WHAT TO DO: Within the data that follows, how many lines contain the word "Street"? Reply with only the number.

DATA FOR ANALYSIS:
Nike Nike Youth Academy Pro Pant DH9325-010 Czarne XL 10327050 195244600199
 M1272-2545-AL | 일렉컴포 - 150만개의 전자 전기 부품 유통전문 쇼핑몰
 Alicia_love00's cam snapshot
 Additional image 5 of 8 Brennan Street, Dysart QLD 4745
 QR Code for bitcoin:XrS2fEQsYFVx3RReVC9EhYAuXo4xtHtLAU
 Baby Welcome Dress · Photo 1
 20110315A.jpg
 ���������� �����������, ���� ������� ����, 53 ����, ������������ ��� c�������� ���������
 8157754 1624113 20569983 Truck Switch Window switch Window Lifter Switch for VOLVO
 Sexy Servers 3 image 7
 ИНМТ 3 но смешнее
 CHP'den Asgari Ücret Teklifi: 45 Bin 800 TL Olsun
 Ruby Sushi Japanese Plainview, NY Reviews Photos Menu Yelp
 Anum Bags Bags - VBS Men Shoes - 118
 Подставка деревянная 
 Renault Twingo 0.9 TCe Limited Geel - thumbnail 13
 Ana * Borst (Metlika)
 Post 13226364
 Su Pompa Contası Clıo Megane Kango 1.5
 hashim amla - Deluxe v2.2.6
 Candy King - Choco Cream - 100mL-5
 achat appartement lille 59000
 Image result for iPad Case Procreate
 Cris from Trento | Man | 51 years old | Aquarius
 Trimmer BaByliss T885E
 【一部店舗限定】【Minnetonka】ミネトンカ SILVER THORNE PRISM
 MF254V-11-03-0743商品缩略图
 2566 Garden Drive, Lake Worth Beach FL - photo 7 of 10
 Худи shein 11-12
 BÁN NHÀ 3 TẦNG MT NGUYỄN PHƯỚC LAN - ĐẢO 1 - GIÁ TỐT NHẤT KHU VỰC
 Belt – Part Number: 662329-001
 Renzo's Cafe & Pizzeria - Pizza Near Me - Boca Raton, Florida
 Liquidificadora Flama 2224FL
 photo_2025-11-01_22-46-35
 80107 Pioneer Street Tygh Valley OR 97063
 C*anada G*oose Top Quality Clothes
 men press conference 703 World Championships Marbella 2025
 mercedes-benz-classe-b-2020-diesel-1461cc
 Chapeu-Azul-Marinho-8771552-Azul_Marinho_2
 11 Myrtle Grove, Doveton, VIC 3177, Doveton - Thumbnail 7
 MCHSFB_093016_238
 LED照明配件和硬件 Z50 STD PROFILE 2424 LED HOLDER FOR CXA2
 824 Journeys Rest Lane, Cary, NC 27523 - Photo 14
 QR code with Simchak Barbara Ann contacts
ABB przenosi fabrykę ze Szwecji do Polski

RESPONSE FOR THIS EXERCISE: 2